MARLA: Were there ever times that you wanted to quit?
ROSE: Yeah.
MARLA: And what made you stay?
ROSE: TCC. I'm about ready to quit, and they tell me that if you stick it out until you're age 65, then you will be eligible to receive that insurance, Great West Life. So I'm going to quit today, and then I hang in there again for how long, for how long, then I'm barely going, so I thought, oh, I'll quit. And it went on and on like that.
So now I was -- I passed my birth date, age 65, and then there was nobody to work at the clinic, just the alternates.

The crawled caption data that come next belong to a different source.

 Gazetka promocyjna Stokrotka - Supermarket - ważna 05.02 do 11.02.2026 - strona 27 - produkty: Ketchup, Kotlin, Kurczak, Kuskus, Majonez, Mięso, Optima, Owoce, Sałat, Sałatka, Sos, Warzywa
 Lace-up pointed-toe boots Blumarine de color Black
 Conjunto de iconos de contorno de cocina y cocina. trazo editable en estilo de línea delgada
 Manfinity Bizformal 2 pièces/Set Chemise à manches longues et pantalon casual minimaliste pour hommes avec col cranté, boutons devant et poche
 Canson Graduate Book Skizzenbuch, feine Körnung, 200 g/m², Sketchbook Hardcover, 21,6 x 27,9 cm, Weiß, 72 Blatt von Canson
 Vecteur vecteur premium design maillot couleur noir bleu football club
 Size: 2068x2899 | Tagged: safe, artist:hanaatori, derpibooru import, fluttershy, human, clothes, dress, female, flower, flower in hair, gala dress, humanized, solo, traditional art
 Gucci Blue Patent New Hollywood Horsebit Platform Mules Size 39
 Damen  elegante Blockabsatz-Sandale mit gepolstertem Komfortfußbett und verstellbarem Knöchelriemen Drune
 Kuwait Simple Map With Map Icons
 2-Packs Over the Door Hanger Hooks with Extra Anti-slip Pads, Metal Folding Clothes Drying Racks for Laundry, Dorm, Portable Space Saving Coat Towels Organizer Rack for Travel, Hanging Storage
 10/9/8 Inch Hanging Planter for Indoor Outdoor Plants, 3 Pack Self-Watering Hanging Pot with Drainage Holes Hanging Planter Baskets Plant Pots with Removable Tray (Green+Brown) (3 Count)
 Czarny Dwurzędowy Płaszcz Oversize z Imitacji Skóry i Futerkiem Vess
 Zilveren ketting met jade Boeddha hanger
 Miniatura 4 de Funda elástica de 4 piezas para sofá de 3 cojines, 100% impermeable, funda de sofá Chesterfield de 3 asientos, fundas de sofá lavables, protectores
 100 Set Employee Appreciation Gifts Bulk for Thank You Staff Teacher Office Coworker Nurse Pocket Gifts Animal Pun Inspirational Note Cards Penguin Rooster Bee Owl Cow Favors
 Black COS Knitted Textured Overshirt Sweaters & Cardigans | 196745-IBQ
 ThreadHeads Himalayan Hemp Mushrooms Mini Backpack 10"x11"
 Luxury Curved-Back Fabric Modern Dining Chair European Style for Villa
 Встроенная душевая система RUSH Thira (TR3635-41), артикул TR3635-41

So I'm around here and I -- there was a primary one hired there, and then she called me, so I go back there and I help her. I do all the complicating ones.
And sometimes I work one whole day and I could -- I think I could report it, you know, send my time sheet, but I never send it. Sometimes I send it. Sometimes I don't send it. Yeah.
But I was really happy when I retired. Really happy to be free. I just get on top of my Honda and bang, up the road I went. I got my 22 and I'm looking for spruce hens, I'm looking for berries, I got my campfire teapot, I'm free in the world.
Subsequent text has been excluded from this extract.